The annotations continue to show that we have two main causes (accounting together for ~90% of the cases):

cache: Managers: 1 (https://aaaaaaaaaaaaaa.aaaaaaaaaa.aaa: Closing, ) - bug 1727526 did not yield any conclusion, yet
QM: 1 normal origin ops pending - this one merits more investigation

In order to investigate 2. - it seems there is no way to know, which operation is pending here? It would probably make a huge difference if it can be randomly any kind or if we see only very few types of operations here?

Jens Stutte [:jstutte]

Assignee

Updated

•

3 years ago

Depends on: 1759732

Jens Stutte [:jstutte]

Assignee

Comment 34

•

3 years ago

(In reply to Jens Stutte [:jstutte] from comment #33)

QM: 1 normal origin ops pending - this one merits more investigation

So the first ever crash with the new annotation shows:

that the annotation works!
that we directly trapped into a case with a very high # (35947) of pending ops
where all those pending ops are dom::quota::ClearOriginOp

Now it seems difficult to believe (though not impossible) that we want to delete ~36K of distinct origins here?

Jan Varga [:janv]

Reporter

Comment 35

•

3 years ago

I'm not that surprised that a shutdown hang is caused by trying to do too much I/O, but 36K is quite a lot.
Bug 1733107 should help a bit.
(The de-duplication is probably a good idea).

Jan Varga [:janv]

Reporter

Comment 36

•

3 years ago

There's also the repeated directory removal in the log, so it seems origin directories can't be deleted during shutdown and the number of origin then grows and grows.

Jan Varga [:janv]

Reporter

Comment 37

•

3 years ago

Or some third-party party app interferes with us and slows down the clearing.

Jens Stutte [:jstutte]

Assignee

Comment 38

•

3 years ago

(In reply to Jan Varga [:janv] from comment #35)

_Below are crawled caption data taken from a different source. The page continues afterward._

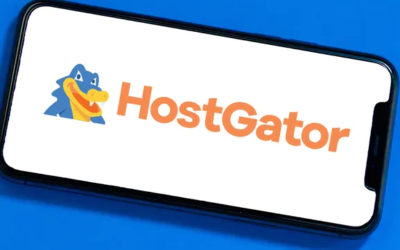 Here Is About HostGator Customer Service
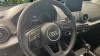 Audi Q2 Advanced 30 TDI 85kW (116CV) S tronic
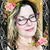 Annemarie Ko's profile image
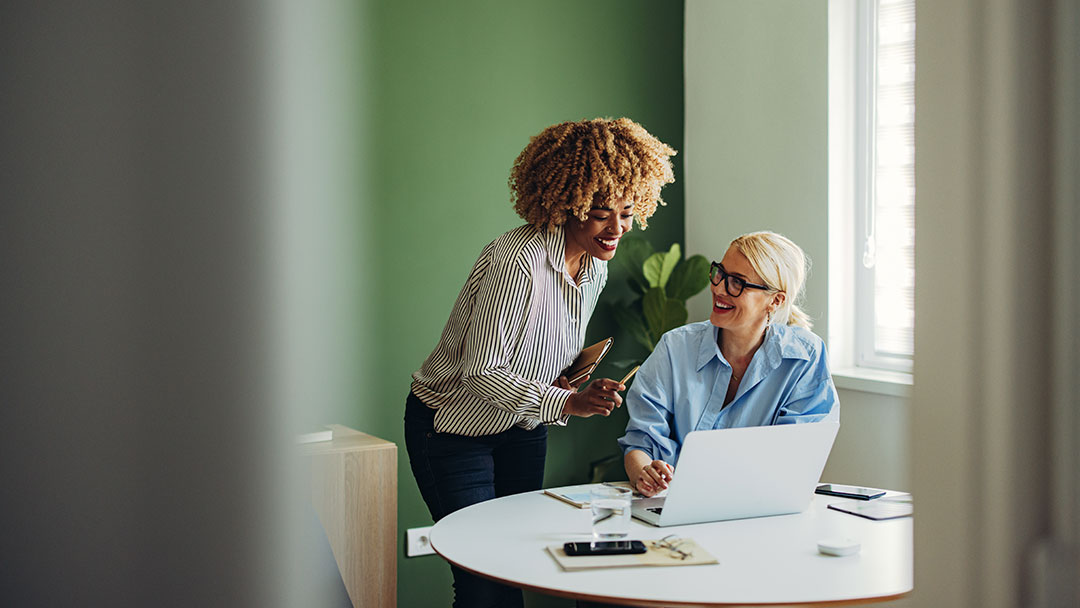 Pensions can be a pain for payroll – here’s how we can help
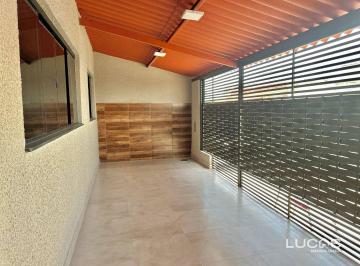 c9a91dbdc4cd445b511f6e0521e4508abcdb7de1 · Excelente casa na QNP-16 – Casa Reformada – Aceita financiamento – Casa moderna com casa de fundos -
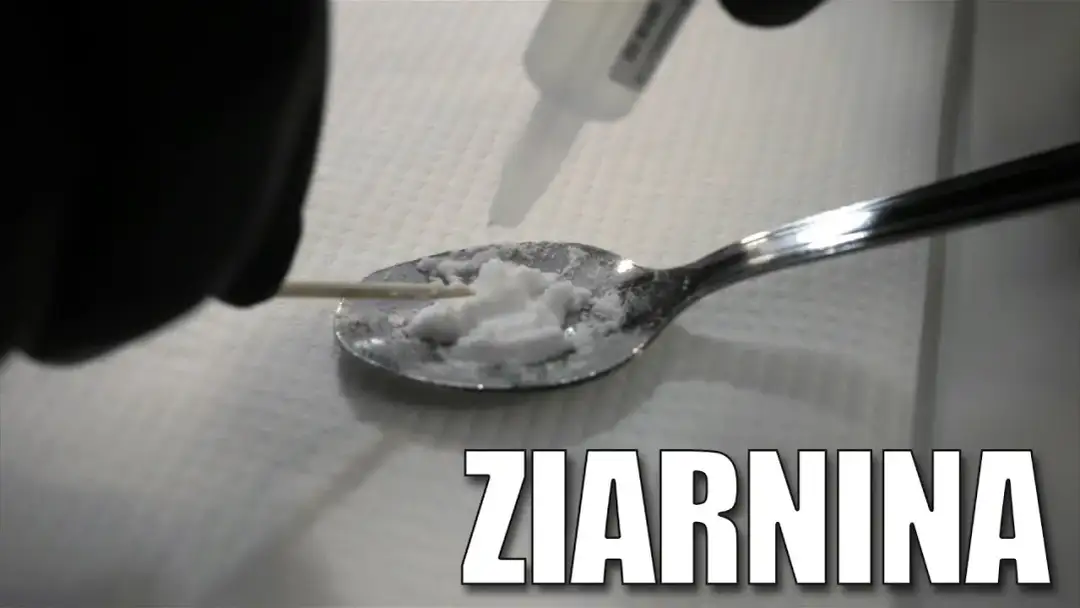 Jak skutecznie leczyć ziarninę po kolczyku w nosie - domowe metody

(The de-duplication is probably a good idea).

Only if we also reduce the verbosity of ClearRequestBase::DeleteFiles which actually brings us to the retry loop (so it is good to have this verbosity!) where we seem to spend up to 10 times 200ms which seems a bad idea if all removals are always failing as seems to be the case here. So it is easy to spend some minute here and hit the timeout while the computer is actually idle.

Jens Stutte [:jstutte]

Assignee

Comment 39

•

3 years ago

This comment says it already.

What if we would just dispatch the same ClearRequestBaseOp another time if we were not able to remove all and move on? We should have a retry count parameter to be able to break, though.

Jan Varga [:janv]

Reporter

Comment 40

•

3 years ago

I think we shouldn't repeat the clearing during shutdown. We should mark origin directories as invalid by putting marker files into them and then during storage initialization, remove such origin directories. I think there's a patch somewhere for the markers made by Tom. We might want to revive it ...

Jens Stutte [:jstutte]

Assignee

Comment 41

•

3 years ago

So I think we need to change our logic here. Instead of blindly retrying (and blocking) we should track during deletion based on the errors we get the severity of the situation:

Errors that can be safely ignored (no retry):
NS_ERROR_FILE_NOT_FOUND (already gone?)

Errors that might merit a retry:
NS_ERROR_FILE_IS_LOCKED (could go away)
NS_ERROR_FILE_DIR_NOT_EMPTY (something has been added while we were operating?)
NS_ERROR_FILE_DEVICE_TEMPORARY_FAILURE (the name says it all)
NS_ERROR_MODULE_WIN32 (mostly because we dunno what's in there)

All other errors do not merit a retry:
NS_ERROR_FILE_ACCESS_DENIED (this might be borderline, but I don't think it is ever a temporary thing without user or third-party SW interaction)
NS_ERROR_FILE_READ_ONLY (again, will not change)
NS_ERROR_FILE_NAME_TOO_LONG (will never change)
NS_ERROR_FILE_NOT_DIRECTORY (will never change)
NS_ERROR_FILE_FS_CORRUPTED (we should stop torturing the FS)
NS_ERROR_FILE_DEVICE_FAILURE (we should stop torturing the FS)
NS_ERROR_FILE_INVALID_PATH (will never change)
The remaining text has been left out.